Apart from that, the only other material that the decision‑maker had on which to base their decision, the only other material was his criminal record.  No probation and parole reports, no evidence from the direct caregivers of his children, nothing, absolutely nothing.  There is a faxed questionnaire to him, which he is to return within 14 days.  That is returned.  It raises more questions than it answers.  On the basis of that alone, this decision is made.

GUMMOW J:   What do you say about what the Federal Court said at page 55, paragraph 83?

MR JACKSON:   Yes.

GUMMOW J:   It is not as if you are up here seeking an order nisi.  This is coming here from the Federal Court.

MR JACKSON:   Yes.

GUMMOW J:   Now, what is wrong in the way the Federal Court dealt with these complaints?

MR JACKSON:   Well, the first point to make about ‑ ‑ ‑

GUMMOW J:  

It must be remembered that there is now no complaint that the Minister denied the appellant procedural fairness.

MR JACKSON:   Yes.  Well, that is true and that is interesting.  It is an interesting dissonance between that and paragraph 79.  This is on page 54 of the application book, paragraph 79:

If the Minister proposed to make a decision on the basis that the best interests of the children were not a primary consideration, on the current state of authorities he would have had to give the appellant notice of the proposal and an opportunity to argue against taking that course.

The reference to “no complaint” in relation to procedural fairness is a reference to – there was some evidence that it was sought to tender as fresh evidence in the appeal to the Full Federal Court which related to the fact that the applicant’s sister had contacted the Department and been told that she would not be given any information unless she gave his – those details do not really matter, but there was some evidence that was not admitted, so a particular ground was not pressed.

In the draft notice of appeal I have attempted to articulate the legitimate expectation ground.  I would have to concede that it probably was not well pleaded in that respect in the court below.

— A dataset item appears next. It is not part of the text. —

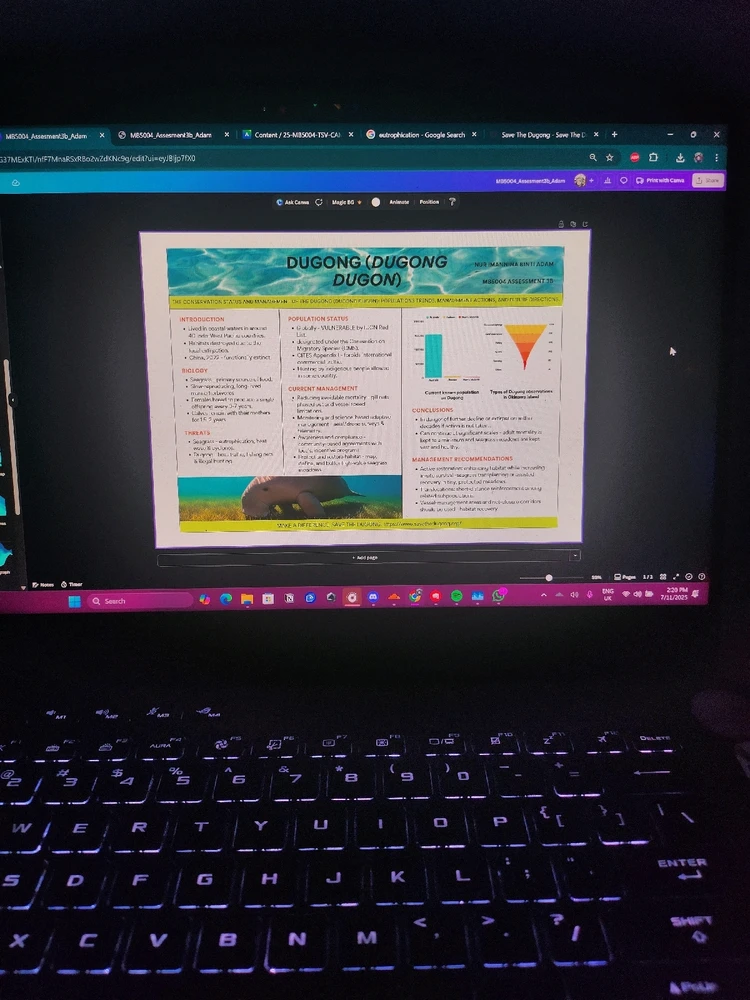 3/3 Assignments completed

GUMMOW J:   Well, legitimate expectation of what, other than as an aspect of procedural fairness?

MR JACKSON:   Well, that given the ministerial direction under section 499 that the Minister would apply it unless he gave an indication that he did not intend to apply it, and that would involve giving proper consideration to the best interests of the children.  The question ultimately is, is a decision based purely on a faxed response to a questionnaire that raises more questions than it answers about the state of the children and the care of the children, who is going to look after them, what is the parents’ state of health, what is happening with the mother?  Is it enough to say, “Well, I don’t have any more information than that.  All I have is this faxed response”.  Is it enough, in relation to a decision, for which there is no merits review because the decision is made by the Minister, is it enough to decide a person’s fate and to decide the fate of their children in terms of access to their father on the basis of that amount of information, or is there some duty to find out, any duty – even if it only be a duty to go and ‑ ‑ ‑

GUMMOW J:   Well, it has to be put in terms of jurisdictional error, does it not?

MR JACKSON:   Yes.

GUMMOW J:   So it has to be put in terms of natural justice, or possibly ‑ ‑ ‑

McHUGH J:   Failing to take into account a relevant consideration.

GUMMOW J:   Yes.

MR JACKSON:   Yes, and that is how it was put below, and that is how it is argued in my outline of submissions, that if it can really be said that a decision of great moment is going to be made on just totally inadequate material, is there not some duty either to wait for further material or to at least contact the person concerned?  Is there some duty to inquire, or can it really be ‑ ‑ ‑

GUMMOW J:   This was a big debate in the Federal Court about 15 years ago I think.  What if there is a duty to seek out information which otherwise has not been given to you?

McHUGH J:   I summarised the cases in Teoh.

MR JACKSON:   Yes.

GUMMOW J:   Yes.

MR JACKSON:   Yes, but the question really is when – I can say that I do not think that the actual quality of decision making, which is a legitimate concern for the court, rather than the merits of what is decided ‑ ‑ ‑

GUMMOW J:   No, it is not.  The question is jurisdictional error.

MR JACKSON:   Well, the quality of the process falls within whether the process that is ‑ ‑ ‑

GUMMOW J:   It is certainly an animating idea in the AD(JR) Act, but in its own wisdom the Parliament has not applied that Act here.

MR JACKSON:   Well, if there simply ‑ ‑ ‑

GUMMOW J:   There is a special migration regime, as you know.

MR JACKSON:   Yes.  But could it be – the question is can a decision‑maker exercise their jurisdiction when they simply do not have the information that they need to be able to do it?  Can they be said, whatever they actually say they have done, if they do not have the information required to make a decision - they know nothing about these children at all, nothing, except their ages.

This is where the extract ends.